Rucker Road Reopens Graphic

Rucker Road To Reopen Friday Night

Released August 08, 2019 10:50 AM
The City of Alpharetta will reopen Rucker Road to all motorists this Friday after 6:00 PM.  The road has been closed to all but local traffic since May 28 so that the City could replace a bridge, rebuild the road from the ground up, and perform other work related to its Rucker Road Improvement Project.

“Our promise to Alpharetta residents was for Rucker Road to be open in time to handle school traffic when Fulton County students return to the classroom on August 12,” said Pete Sewczwicz, Alpharetta’s Public Works Director.  “We will deliver on that promise, and we are happy to say the construction activity that has been most impactful to our residents along the corridor is over.”

According to Sewczwicz there will be periodic lane closures throughout the coming months, but those will occur between the hours of 9:00 AM and 4:00 PM to avoid peak commute periods.

“While temporary striping is in place for now,  crews will have to come back in a couple of months, after the asphalt has cured, to apply the final topcoat and the permanent thermoplastic striping,” explained Sewczwicz.  “There will be some lane closures associated with that and some that will be necessary as we complete certain sections of the sidewalks along the corridor.  Compared to what our residents have endured over the past couple of months, however, the impacts and inconvenience will be negligible.”

The Rucker Road Corridor is expected to be an active construction area until the end of 2019 as wide sidewalks, pedestrian streetlights, and other amenities are installed.  Additionally, some landscaping will not be added until the Spring 2020 planting season.  Because of that, residents who live along Rucker Road are being advised that the road is still several months away from being the attractive, residential corridor that it will be.
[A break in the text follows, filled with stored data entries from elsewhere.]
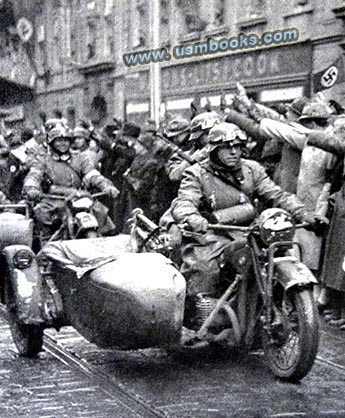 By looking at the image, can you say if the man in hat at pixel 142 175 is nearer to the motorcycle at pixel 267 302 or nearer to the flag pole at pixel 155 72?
the motorcycle at pixel 267 302

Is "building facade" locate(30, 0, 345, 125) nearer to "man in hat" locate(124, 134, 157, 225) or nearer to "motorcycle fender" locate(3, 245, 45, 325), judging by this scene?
"man in hat" locate(124, 134, 157, 225)

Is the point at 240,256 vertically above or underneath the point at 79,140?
underneath

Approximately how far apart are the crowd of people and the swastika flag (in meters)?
Result: 0.56

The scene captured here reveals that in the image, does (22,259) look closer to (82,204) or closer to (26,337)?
(26,337)

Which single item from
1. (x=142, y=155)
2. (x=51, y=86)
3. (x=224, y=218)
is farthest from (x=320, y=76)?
(x=51, y=86)

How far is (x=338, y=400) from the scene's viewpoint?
7340 millimetres

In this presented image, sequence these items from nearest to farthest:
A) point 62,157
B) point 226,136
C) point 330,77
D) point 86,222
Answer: point 226,136 → point 86,222 → point 62,157 → point 330,77

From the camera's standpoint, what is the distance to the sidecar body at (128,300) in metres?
7.65

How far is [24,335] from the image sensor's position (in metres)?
8.98

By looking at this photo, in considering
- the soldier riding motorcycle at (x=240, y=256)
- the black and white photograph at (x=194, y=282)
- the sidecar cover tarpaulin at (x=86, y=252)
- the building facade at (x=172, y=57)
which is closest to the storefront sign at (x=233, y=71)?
the building facade at (x=172, y=57)

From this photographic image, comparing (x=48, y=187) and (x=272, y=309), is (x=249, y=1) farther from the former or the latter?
(x=272, y=309)

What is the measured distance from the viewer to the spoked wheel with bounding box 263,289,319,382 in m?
7.45

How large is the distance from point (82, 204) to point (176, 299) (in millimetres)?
3433

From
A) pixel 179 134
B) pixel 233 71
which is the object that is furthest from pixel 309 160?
pixel 233 71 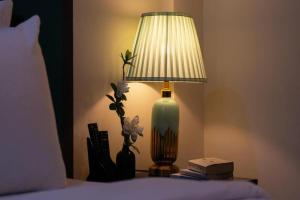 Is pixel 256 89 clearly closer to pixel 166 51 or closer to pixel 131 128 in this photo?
pixel 166 51

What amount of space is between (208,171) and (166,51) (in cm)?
52

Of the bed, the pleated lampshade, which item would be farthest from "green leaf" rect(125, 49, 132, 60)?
the bed

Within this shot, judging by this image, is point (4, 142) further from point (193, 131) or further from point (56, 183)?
point (193, 131)

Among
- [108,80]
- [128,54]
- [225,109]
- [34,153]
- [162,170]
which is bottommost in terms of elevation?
[162,170]

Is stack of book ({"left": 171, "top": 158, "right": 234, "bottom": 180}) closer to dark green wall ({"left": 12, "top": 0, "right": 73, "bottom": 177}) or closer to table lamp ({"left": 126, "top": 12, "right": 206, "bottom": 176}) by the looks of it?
table lamp ({"left": 126, "top": 12, "right": 206, "bottom": 176})

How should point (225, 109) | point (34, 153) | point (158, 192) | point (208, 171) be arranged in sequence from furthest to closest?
point (225, 109)
point (208, 171)
point (34, 153)
point (158, 192)

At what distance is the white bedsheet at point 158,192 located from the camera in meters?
1.21

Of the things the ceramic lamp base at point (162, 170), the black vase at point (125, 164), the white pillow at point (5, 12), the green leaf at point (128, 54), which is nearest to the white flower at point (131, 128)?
the black vase at point (125, 164)

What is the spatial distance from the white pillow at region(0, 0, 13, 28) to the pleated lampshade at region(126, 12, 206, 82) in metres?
0.63

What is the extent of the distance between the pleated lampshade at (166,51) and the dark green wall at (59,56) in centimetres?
27

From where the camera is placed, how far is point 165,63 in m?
2.17

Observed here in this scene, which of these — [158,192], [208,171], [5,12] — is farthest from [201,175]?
[5,12]

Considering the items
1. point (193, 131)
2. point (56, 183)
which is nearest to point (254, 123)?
point (193, 131)

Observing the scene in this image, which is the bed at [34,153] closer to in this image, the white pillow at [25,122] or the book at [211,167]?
the white pillow at [25,122] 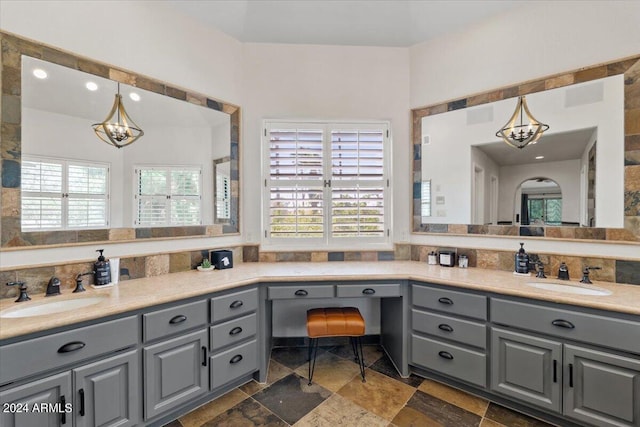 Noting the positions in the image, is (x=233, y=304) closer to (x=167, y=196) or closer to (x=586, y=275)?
(x=167, y=196)

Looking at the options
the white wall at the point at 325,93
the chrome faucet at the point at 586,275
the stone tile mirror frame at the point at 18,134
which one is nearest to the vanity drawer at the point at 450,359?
the chrome faucet at the point at 586,275

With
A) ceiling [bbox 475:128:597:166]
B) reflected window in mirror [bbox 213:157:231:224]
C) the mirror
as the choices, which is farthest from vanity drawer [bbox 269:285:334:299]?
ceiling [bbox 475:128:597:166]

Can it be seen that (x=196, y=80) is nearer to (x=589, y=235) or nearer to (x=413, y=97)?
(x=413, y=97)

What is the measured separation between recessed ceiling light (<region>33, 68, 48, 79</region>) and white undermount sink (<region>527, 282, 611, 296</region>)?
3470 mm

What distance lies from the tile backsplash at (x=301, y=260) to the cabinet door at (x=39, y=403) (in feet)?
2.21

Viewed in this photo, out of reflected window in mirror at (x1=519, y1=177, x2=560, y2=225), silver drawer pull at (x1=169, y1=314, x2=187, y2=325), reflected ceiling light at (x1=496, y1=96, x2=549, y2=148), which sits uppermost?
reflected ceiling light at (x1=496, y1=96, x2=549, y2=148)

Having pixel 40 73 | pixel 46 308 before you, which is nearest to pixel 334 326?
pixel 46 308

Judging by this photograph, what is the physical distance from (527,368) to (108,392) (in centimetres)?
243

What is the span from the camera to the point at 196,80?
2.41 meters

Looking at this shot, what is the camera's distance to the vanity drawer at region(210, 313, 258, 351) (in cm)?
184

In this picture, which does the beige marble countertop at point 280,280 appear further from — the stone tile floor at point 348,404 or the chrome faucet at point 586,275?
the stone tile floor at point 348,404

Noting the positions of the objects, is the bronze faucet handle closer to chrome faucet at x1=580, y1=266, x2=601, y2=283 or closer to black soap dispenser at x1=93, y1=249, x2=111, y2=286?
black soap dispenser at x1=93, y1=249, x2=111, y2=286

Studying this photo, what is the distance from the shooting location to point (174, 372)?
167 cm

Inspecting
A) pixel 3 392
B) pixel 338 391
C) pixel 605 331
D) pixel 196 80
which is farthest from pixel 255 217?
pixel 605 331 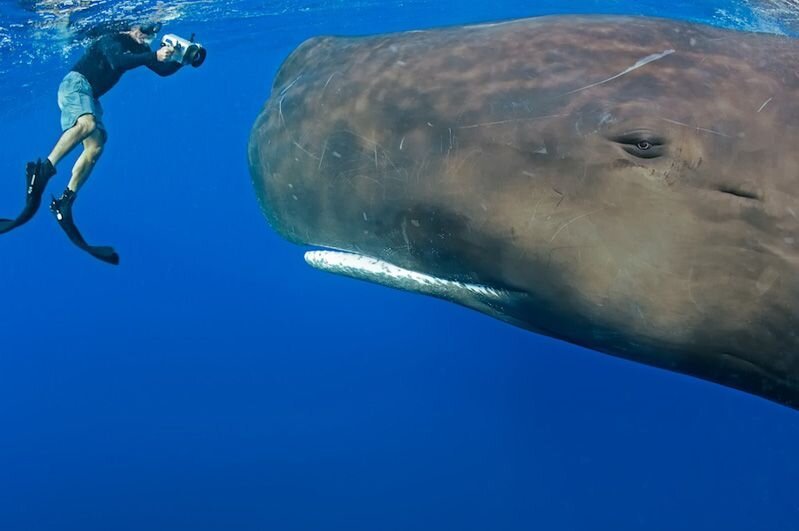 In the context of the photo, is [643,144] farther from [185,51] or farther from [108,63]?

“Throughout the design process the residents of the corridor were clear that Rucker needs to be designed for residents, not commuters.  Their vision was for Rucker be a tree-lined residential collector that feels safe and can be easily accessed from their neighborhoods,” Sewczwicz explained.  “They wanted the road kept to two travel lanes, vehicle speeds reduced, and better pedestrian facilities.  We are close to delivering on that vision, but we have a few more months of work to get there.”